人間は様々な失敗や間違いを繰り返し成長すると奏絵は思っている。
でも、中には成長に結びつかないものがあるのもまた事実。
奏絵にとってのそれは大地を宿した行為であり、大地を宿していると気付いた時の恐怖だろう。

決して大地を産んだことを後悔しているのではない。産科医から妊娠を告げられた時は恐怖したが、産もうと決めた時には既に愛しい存在だった。
奏絵の最初の子であり、若林家の次男である大地。立場は複雑だが、本人はある時から全てを理解し振る舞うようになった。

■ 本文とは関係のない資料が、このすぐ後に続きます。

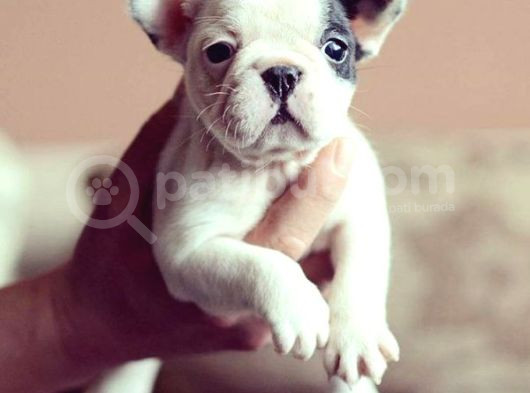 Blue Tan Fransiz Bulldog Ori̇ji̇nal Garanti̇li̇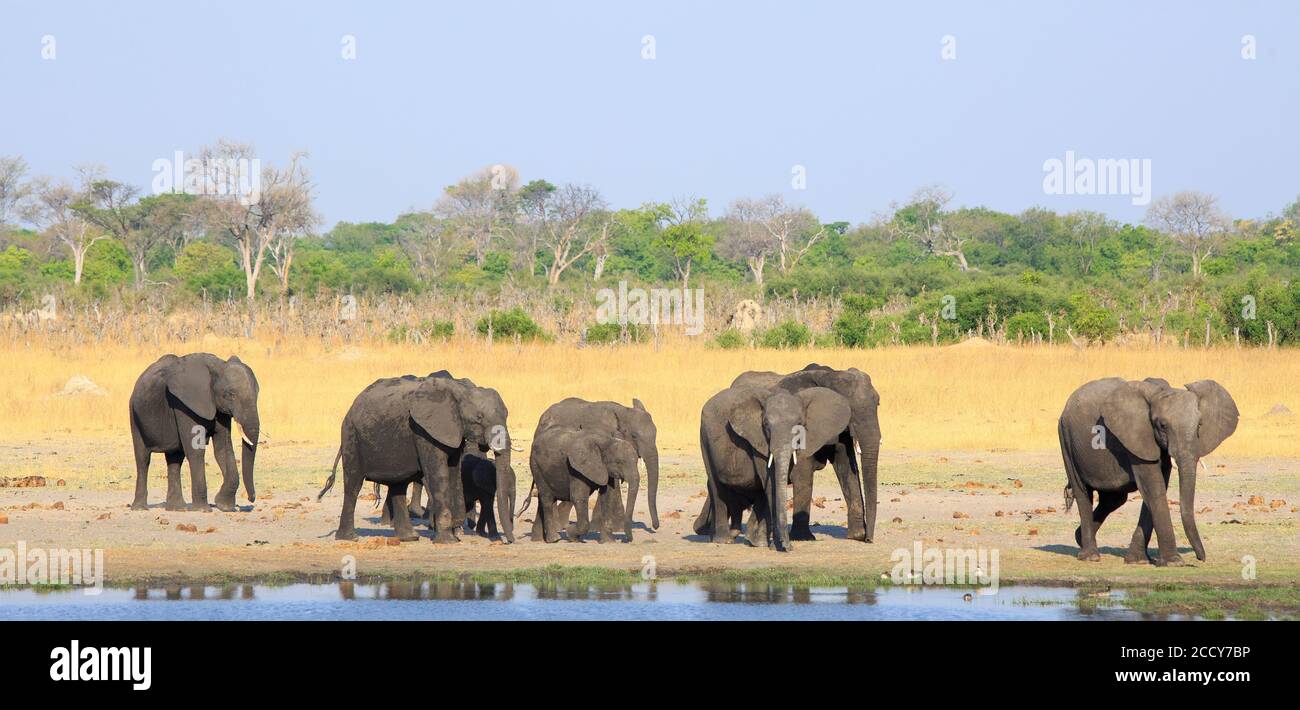 Ligne droite d'éléphants à côté d'un trou d'eau avec un beau ciel bleu pâle et fond naturel de brousse dans le parc national de Hwange, Zimbabwe Banque D'Images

恭祐は思春期を迎えた後、奏絵とはほとんど話さなくなった。しかし目は口ほどに物を言うとは良くいったものだ。奏絵がお腹を痛めて産んだ子でなくても、息子は息子。言いたいことは良く分かった。

対して、大地は思春期を迎えても大きく変わることはなかった。
けれど、ある時奏絵に質問したのだった、『僕と兄貴に血の繋がりは?』と。
たったそれだけの質問。でも、奏絵には分かった。大地なりに奏絵に負担がないよう考えた質問であることは。

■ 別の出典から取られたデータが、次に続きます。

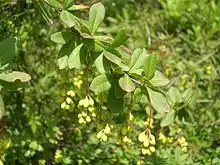 Berberis aristata, Uttarakhand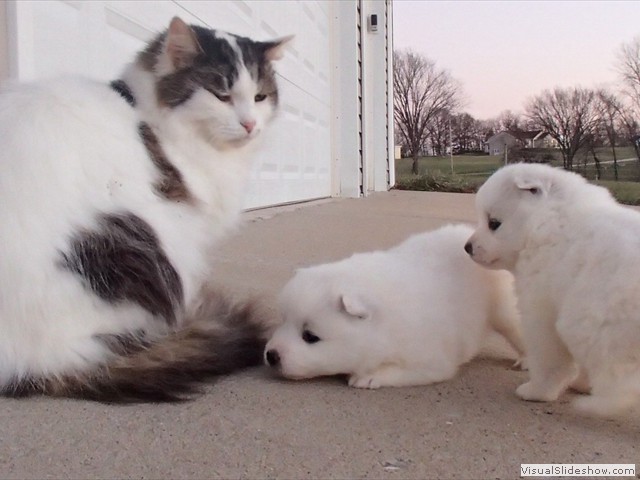 pups-6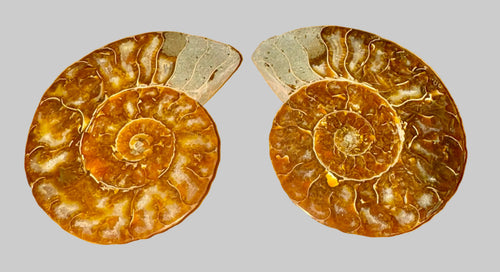 Ancient Cleoniceras Ammonite Fossil image 0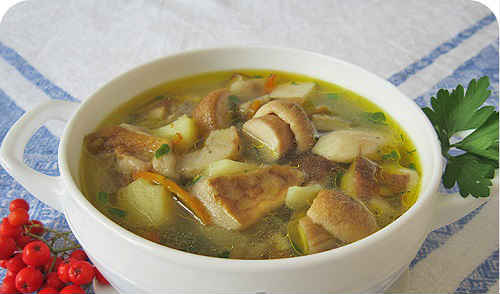 Грибний суп з свіжих, сушених, заморожених білих грибів — рецепти
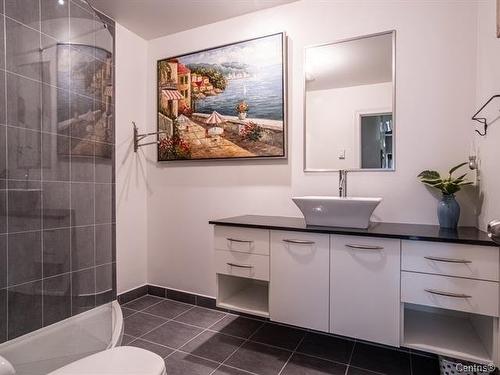 Bathroom - 419-1200 Rue St-Alexandre, Montréal (Ville-Marie), QC - Indoor Photo Showing Bathroom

答えは言葉にしなくていい。首を小さく動かせばいいのだ、それも小さく。

だから奏絵は本当に小さく、首を左右に動かしたのだった。


その日の夜、奏絵は大地からの質問とどういう回答をしたのかをもう一人の当事者である秀一に話した。
『奏絵、どうする、本当のことを話すかい?』
『駄目よ、咲良さんと約束したもの。あの子は生まれる前から恭ちゃんの兄弟。だったら、恭ちゃんが勘違いしてくれたままの方がいいわ。だって、それは大地を弟だと思っているってことでしょ。わたし達があの子達と生きていく時間よりは、あの子達が兄弟として過ごしていく時間の方が長い。それならば、言わない方が良いに決まってる』


奏絵は今更ながらあの日の決断が正しかったのか分からなくなった。
恭祐に詰られるべきは奏絵だけで良かったというのに、秀一まで巻き込んでしまった決断。秀一は咲良一人をずっと愛していたのだから、恭祐に詰られる必要はなかったのに。

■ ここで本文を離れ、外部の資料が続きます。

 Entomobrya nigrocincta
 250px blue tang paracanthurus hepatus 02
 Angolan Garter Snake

目に見えて生命力が無くなっていく咲良の願いを叶える為に、秀一もあの時様々な決心をした。その後も葛藤を繰り返し辿り着いた『今』。
先ほど見送った大地の背中を思い出しながら、奏絵は思った。大地の存在が歪みではなく、奏絵の過去の行動が最初の歪みを招き、大きく増長させたのだと。

けれど、もしも正しい決断が出来ていたならば歪まなかったのだろうか。